M.O. : Pour la majorité des philosophes du passé, la cuisine est un art mineur attaché aux besoins alimentaires qui ne propose que des œuvres éphémères à un sens, le goût, qui est trop subjectif. Cet état des lieux vaut aujourd’hui encore… Donnez-moi les noms de philosophes qui, au XX e siècle, ont travaillé sur la question alimentaire, gastronomique ou gastrosophique… Vous n’en trouverez aucun. Vous trouverez plus de philosophes soucieux de textes et de concepts que de corps qui goûtent un plat ou un vin. [...]
M.L. : Selon vous, manger est un acte par lequel l'homme passe de l'ordre de la nature (le cri des besoins et des instincts, les aliments crus, la dévoration) à l'ordre de la culture (la cuisson, le partage, le verbe). Cette culture n'est-elle pas menacée aujourd'hui par le fast food ?

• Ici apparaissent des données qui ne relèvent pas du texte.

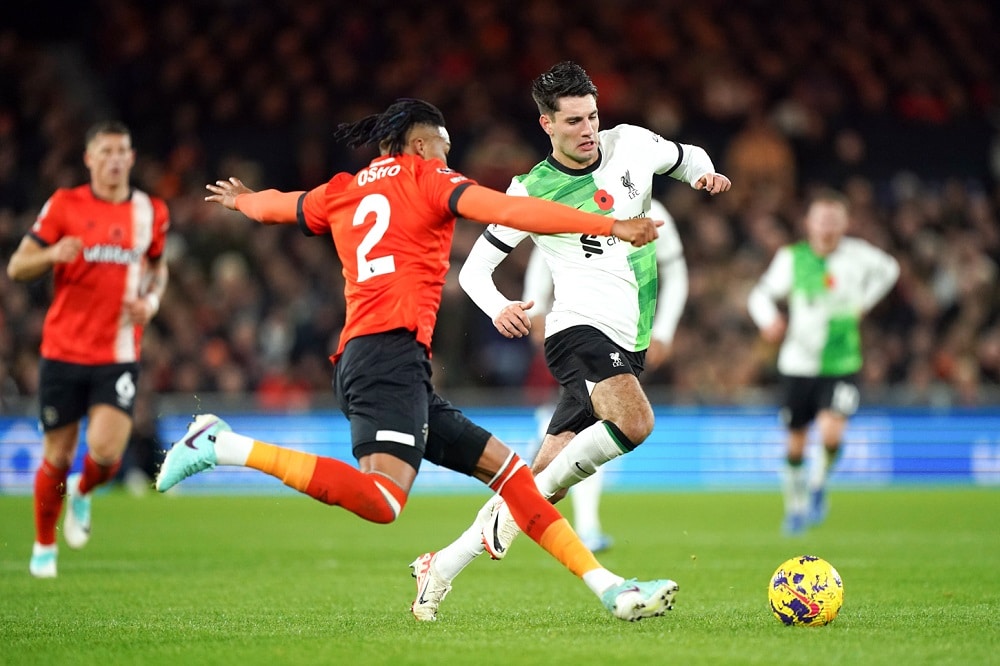 Liverpool vs Luton prediction
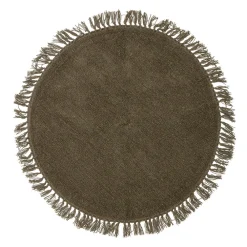 Bloomingville Teppich Lenea, Wolle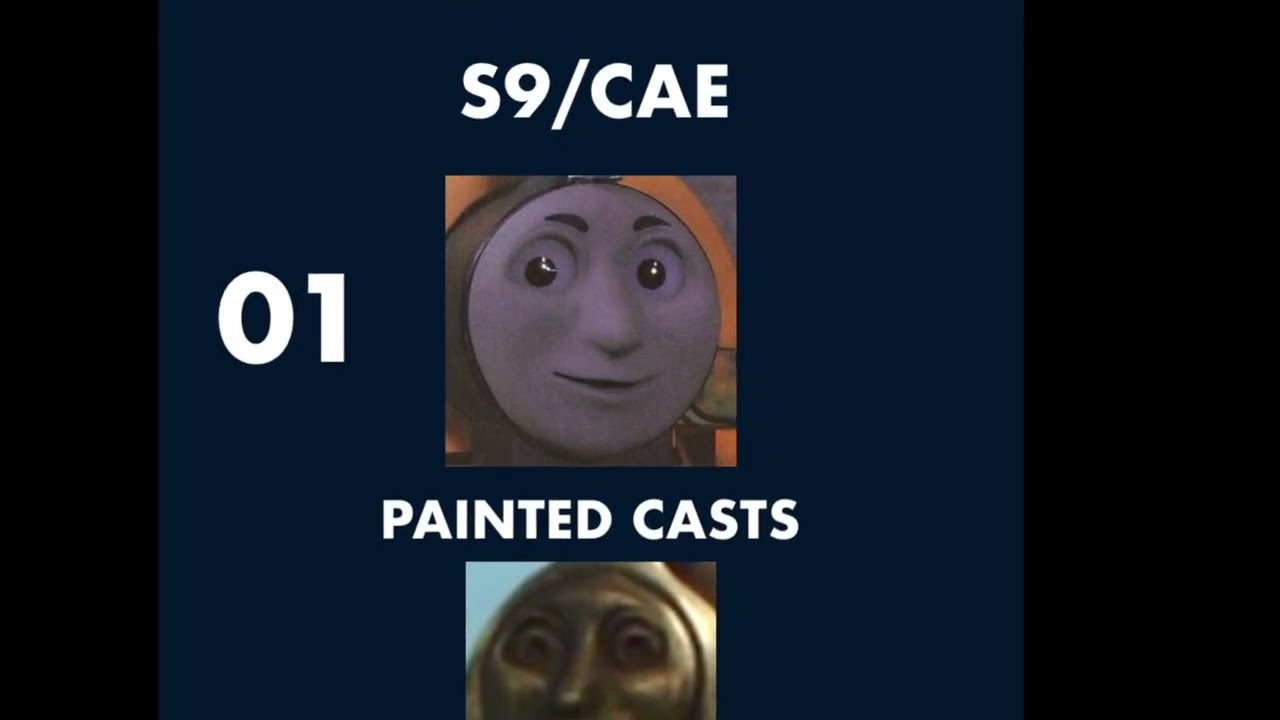 Every Thomas & Friends Character Face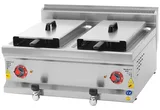CSA Elektrikli Fritöz 12+12 Litre Set Üstü 80x70x30 cm KRCS.SFE.870 - 2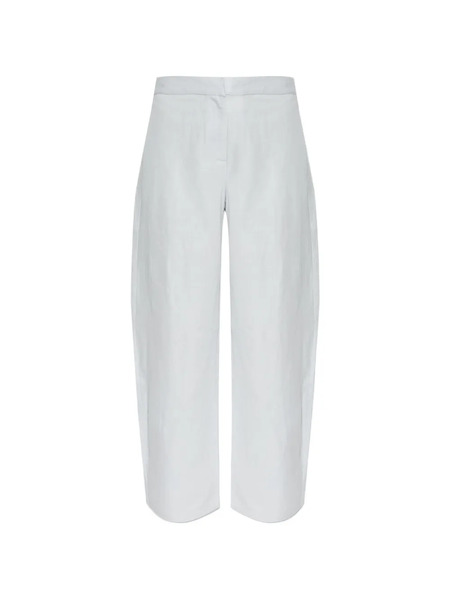  Samsoe Samsoe Sarokos Elasticated-waist Trousers - Grey 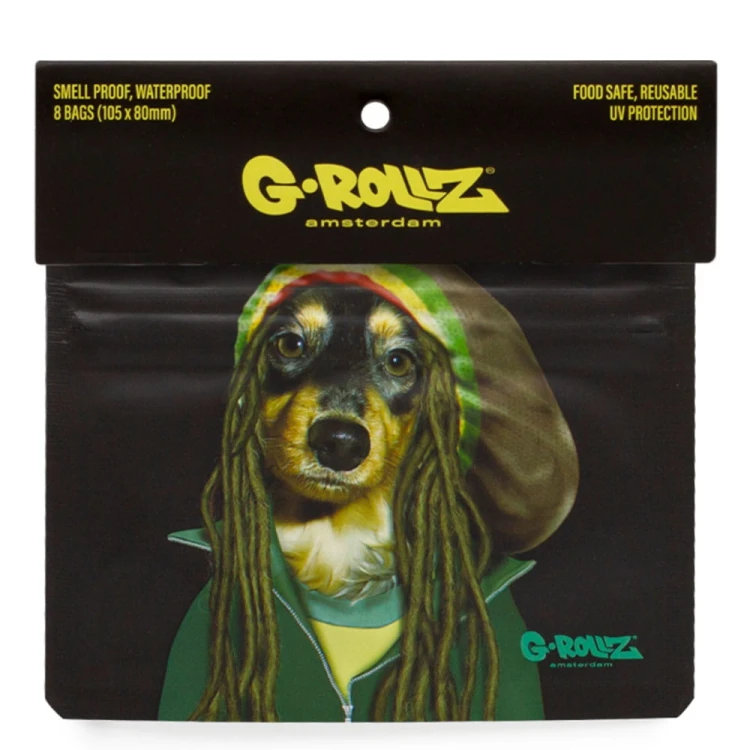 Woreczek schowek G-Rollz Reggae 105x80mm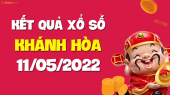 XSKH 11/5 - Xổ số Khánh Hòa ngày 11 tháng 5 năm 2022 - SXKH 11/5
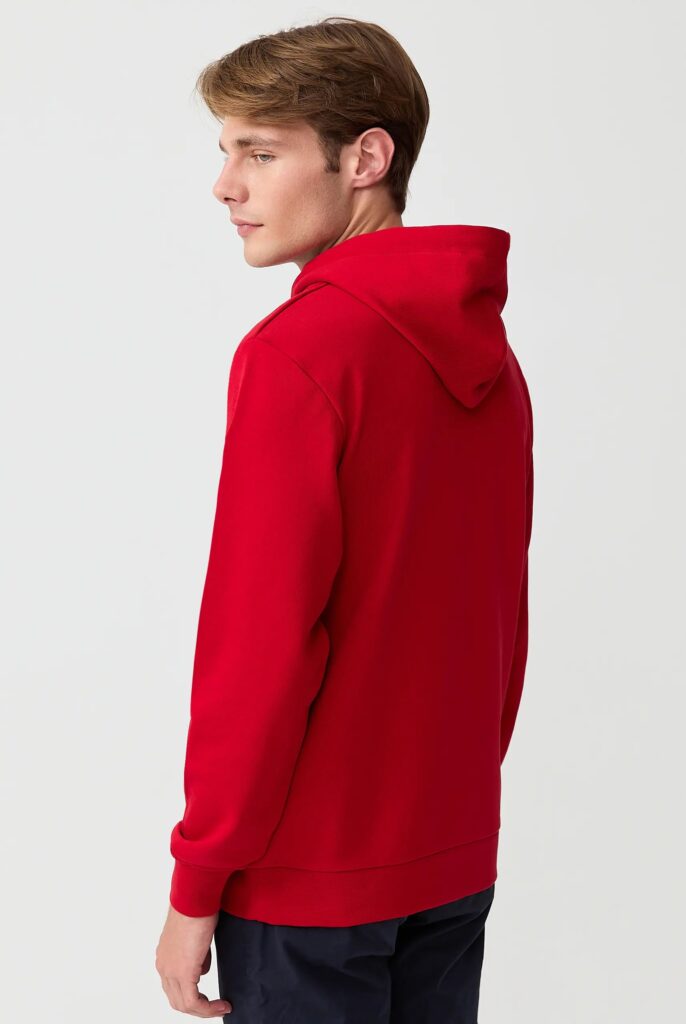 Moreau : Sweat à Capuche avec Logo Brodé - 30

M.O. : Pas seulement. Elle l'est par le libéralisme et sa religion du profit qui a soumis la production de l'alimentation à l'industrie. La rentabilité mène le bal, et les produits destinés à la nourriture sont des bombes toxiques gorgées de produits chimiques, dépourvues de saveur, destinées à flatter l'oeil (le beau calibre, la rondeur et la couleur au détriment du goût, de la saveur). La plupart ignorent le vrai goût des aliments parce qu’ils avalent de pesticides, des herbicides, de la dioxine, de l’huile de vidange mélangée à des carcasses d’animaux morts ingérés par des animaux vivants mangés par les humains… Le fast food est une infirme partie du scandale du devenir industriel de la production des denrées alimentaires.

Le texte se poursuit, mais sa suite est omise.